County police chief hails addition of 39 officers

December 16, 1993|By Ed Heard | Ed Heard,Staff Writer

The addition of 39 officers to Howard County's police force will improve community relations and ease the stress on veteran officers, Police Chief James Robey said after graduation ceremonies for the new officers.

The ceremony at Howard Community College Tuesday was for members of the 16th Howard County Police Academy, the first in three years.

The addition of the new graduates pushes the force's strength to 297 sworn officers, the most in the department's 41-year history.

"We're all eager to go out on the street and show that we can meet the task," said new Officer Eric Brown, 29, of Catonsville. "It's not like on television, with all the blazing guns. It's just about helping people and trying to make a difference."

The addition of the new officers follows three years without growth at the department. The economic downturn of recent years stalled the department's hiring of new officers. Vacancies were left unfilled, and the demands on officers increased, Chief Robey said.

The new officers join the force as the new Scaggsville District station prepares for its scheduled opening in February.

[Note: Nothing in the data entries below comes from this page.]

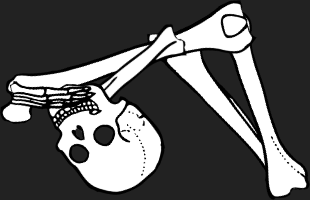 Dem bones dem bones dem – dry bones!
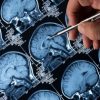 Fígado produz proteína que desencadeia Alzheimer, revela estudo figado-produz-proteina-desencadeia-alzheimer-revela-estudo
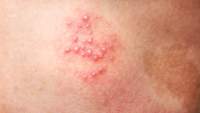 带状疱疹溃疡
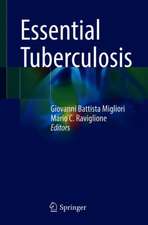 Essential Tuberculosis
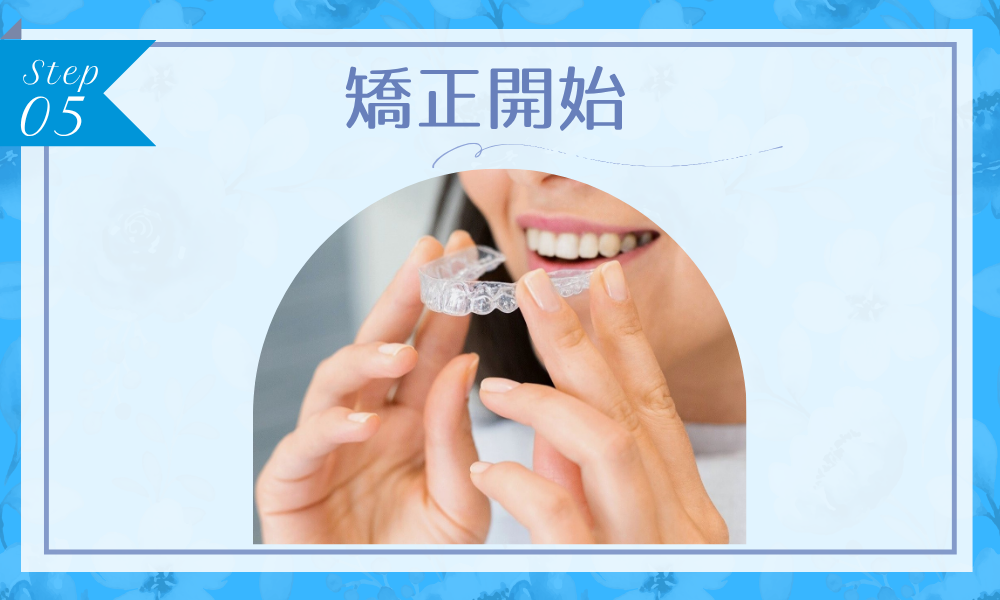 ウィスマイル　ステップ5：矯正開始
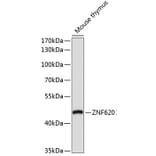 Western Blot - Anti-ZNF620 Antibody (A91951) - Antibodies.com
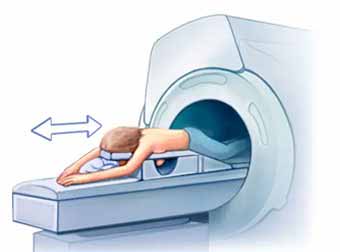 Staging breast cancer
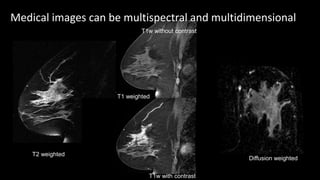 Medical images can be multispectral and multidimensional
T2 weighted
T1 weighted
Diffusion weighted
T1w with contrast
T1w without contrast
 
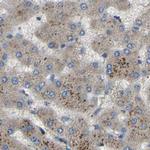 ATP8B1 Antibody in Immunohistochemistry (IHC)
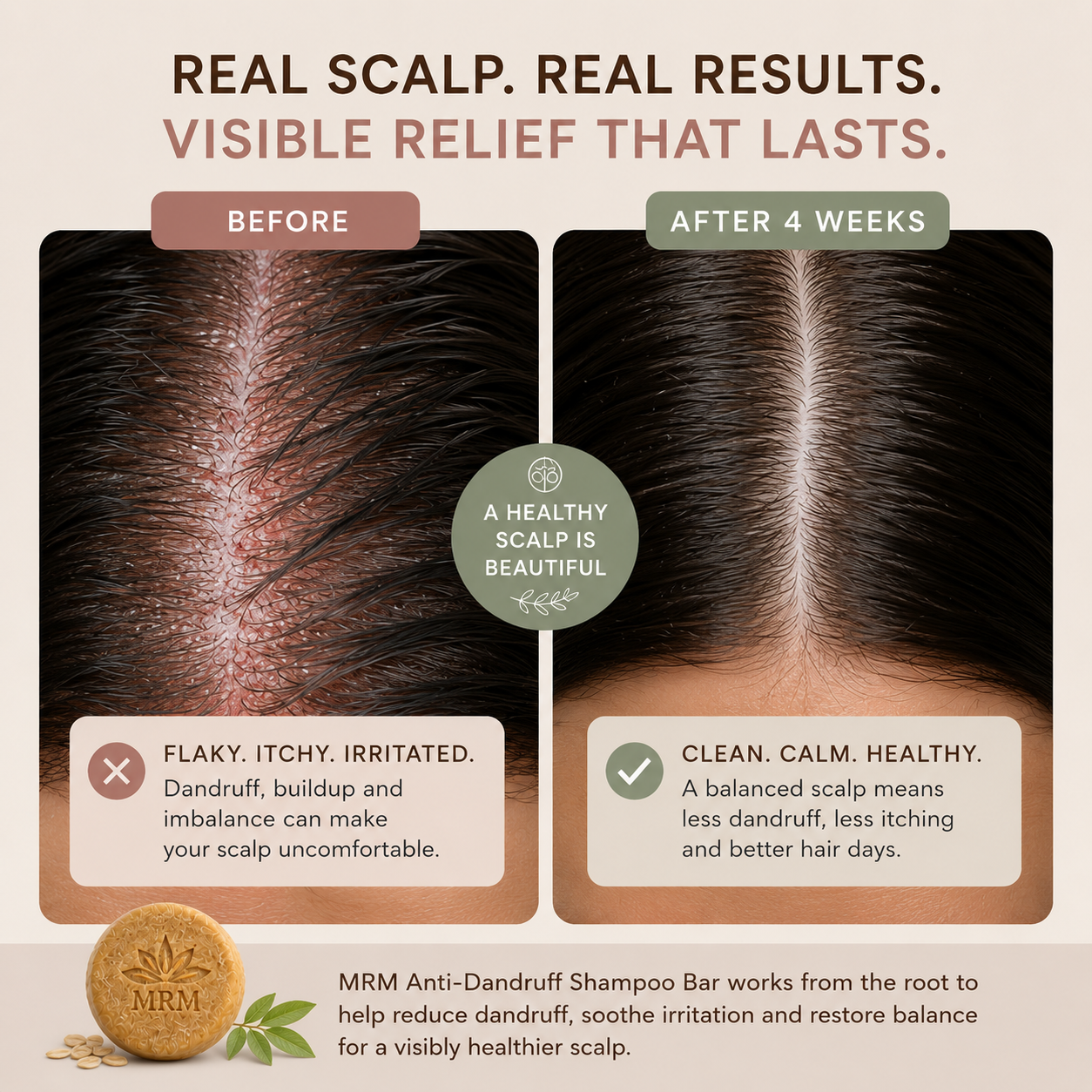 an irritated scalp verses a healthy scalp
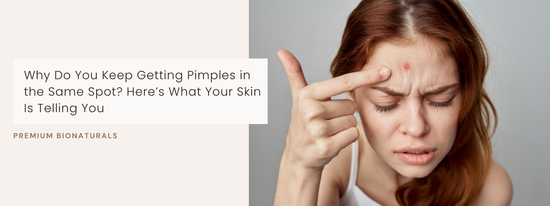 Map causes when you keep getting pimple in same spot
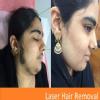 Dr. KULDEEP SINGH SKIN HAIR CLINIC & AMERICAN HAIR TRANSPLANT CLINIC Image 9
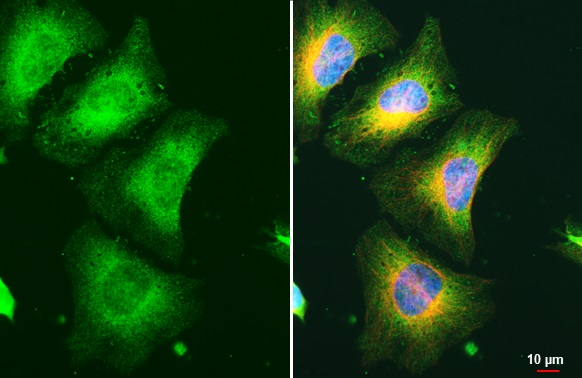 Immunocytochemistry/ Immunofluorescence - Anti-RRM1 antibody [HL1231] (ab308348), expandable thumbnail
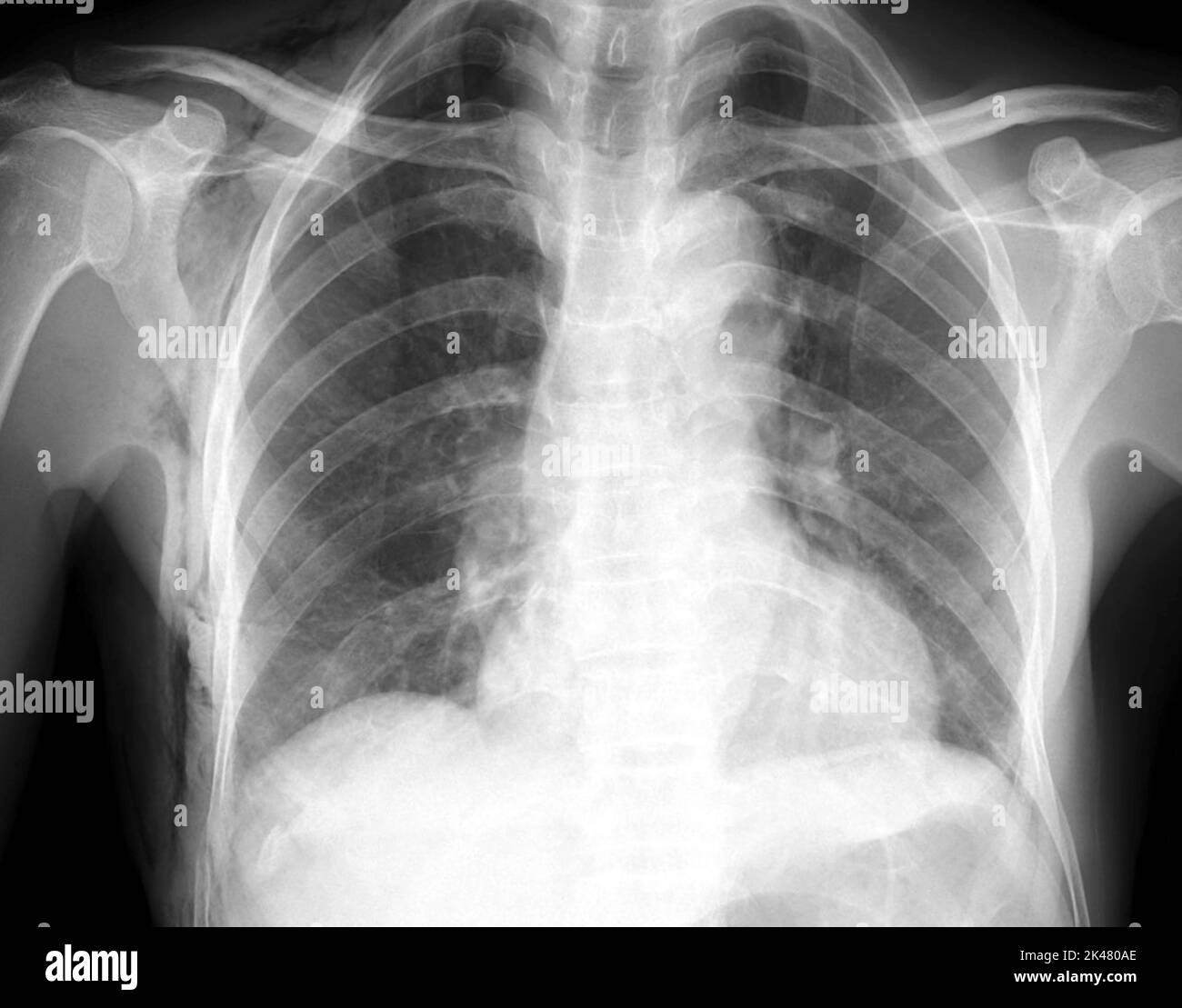 Subcutaneous emphysema, X-ray Stock Photo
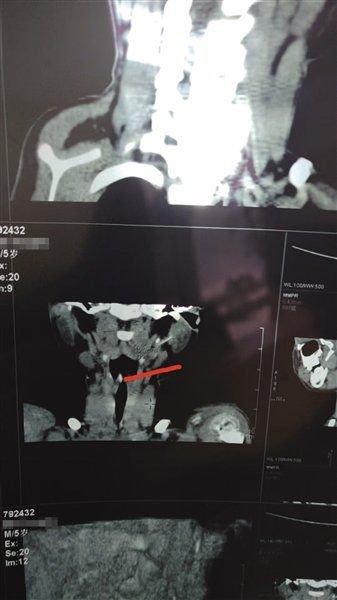 4月7日，星元医院CT结果显示，软管目前位于小白颈部左侧腮腺内。 本版图片/受访者供图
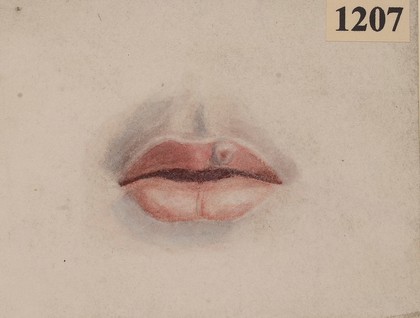 Naevus on the top lip of a male patient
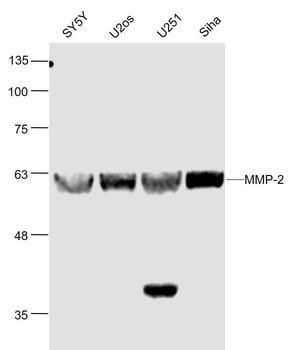 MMP-2 Rabbit Polyclonal Antibody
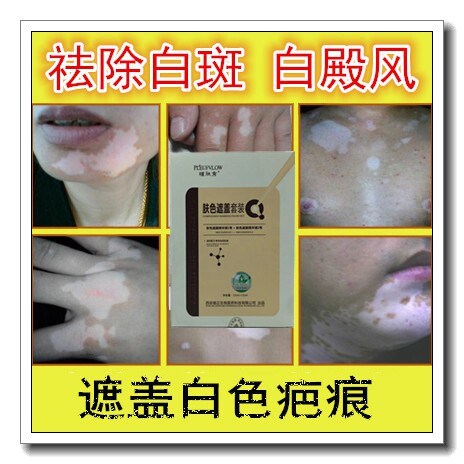 外用去白斑消褪白斑净遮盖液遮瑕膏护理液汗斑白班正品白殿风修复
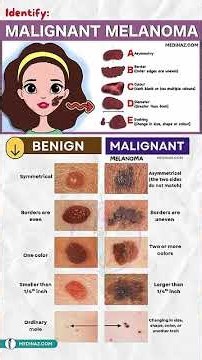 How to Identify Melanoma Skin Cancer – Early Signs & Warning Symptoms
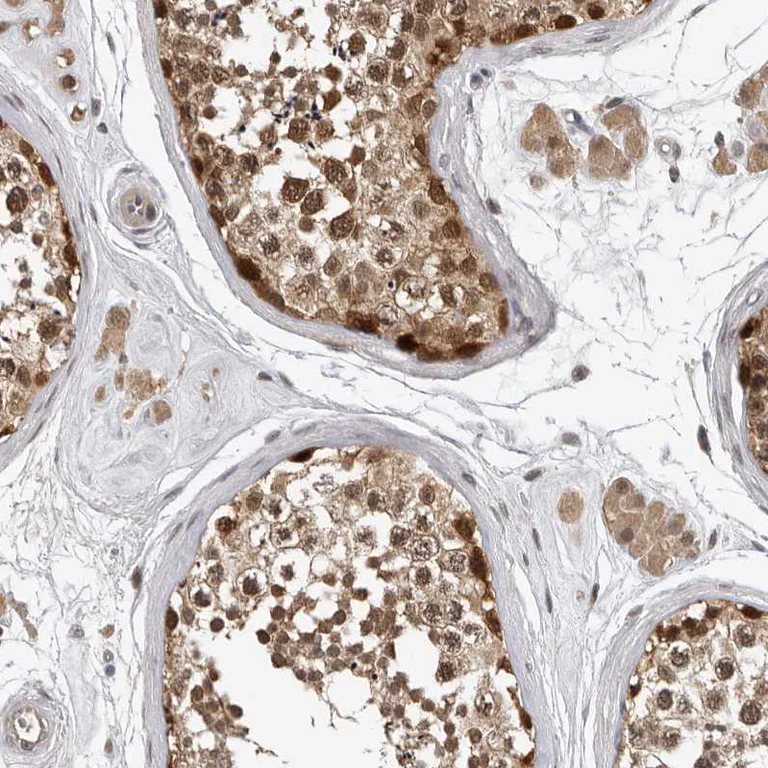Immunohistochemistry (Formalin/PFA-fixed paraffin-embedded sections) - Anti-HENMT1 antibody (AB121991)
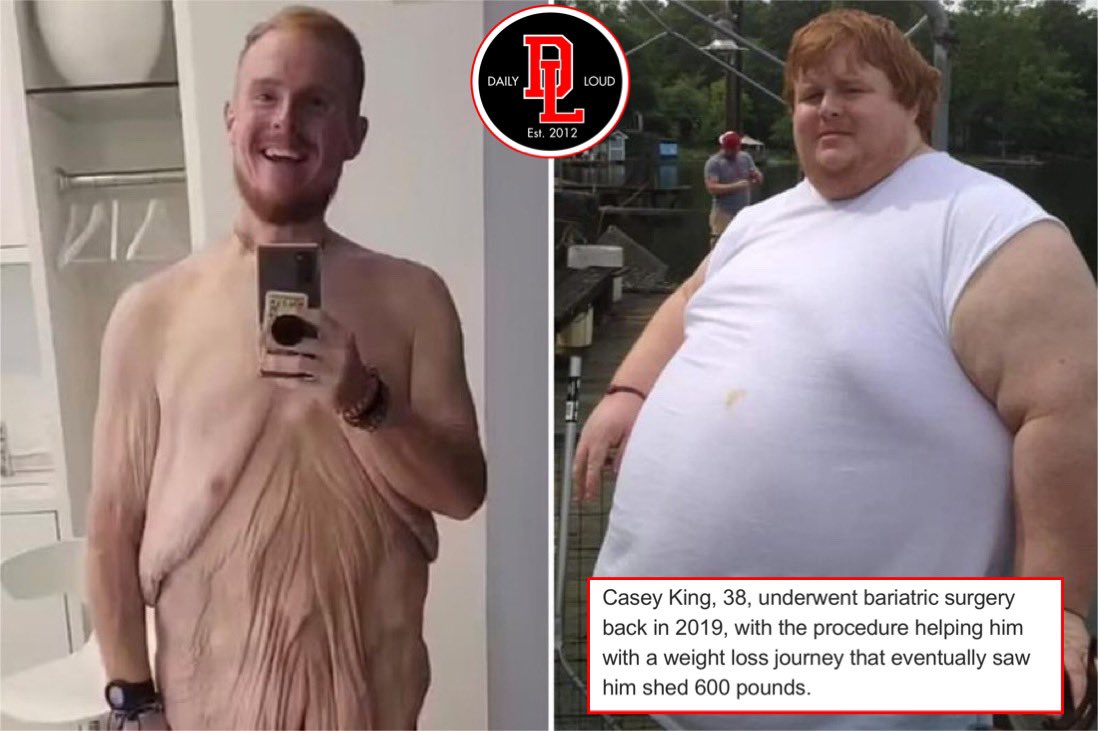 Obese reality star Casey King loses 600 pounds in life-changing transformation 🙏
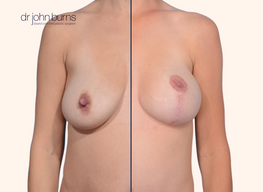 Before and after breast lift with scars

"This class gives other officers more time to go out into the community and get involved," Chief Robey said. "It brings a different outlook as to what policing is all about."

Community policing, one of Chief Robey's top priorities, involves officers working with residents to fight crime.

Officers respond to about 86,000 calls from citizens each year.

Although the county's population increased from about 187,000 in 1990 to about 209,000 in 1993, the number of police officers stayed the same, Chief Robey said.

Since January 1989, the department's authorized strength -- the maximum number of officers the county was allowed to have -- had remained at 277, although the actual number was below that because of vacancies.

With this year's academy class, the authorized strength grows to 297.

"We've been doing more with less," said Lt. William J. Pollack, commander of the academy's education and training division.

"It's still not enough," he said, noting that another academy is being considered for July 1994.

The new recruits, who went on patrol this week, will take pressure off veteran officers. The lack of new officers interfered with vacations, overtime and leave, department administrators said.

Tuesday night, graduates of the academy, wearing crisp new blue uniforms, were awarded badges and certificates. The 39 new officers, who draw a starting salary of $25,255, had been chosen from more than 1,500 applicants.

Since April, the group had endured 34 weeks of vigorous field training, instruction in the use of force and studies in civil rights and constitutional law.

Officer Suzanne Steves, 26, of Columbia, one of three women who graduated Tuesday, said she is relieved that the training is over.

"We've made it this far," Officer Steves said. "The new pressure now is to just go out and do the right thing."

Officer Mark Richmond, who won the academy's leadership award, said he looks forward to his involvement in the community-oriented policing program.

"I want to make sure people have a positive experience with us," Officer Richmond said. "The Rodney King episode, we've got to get over that."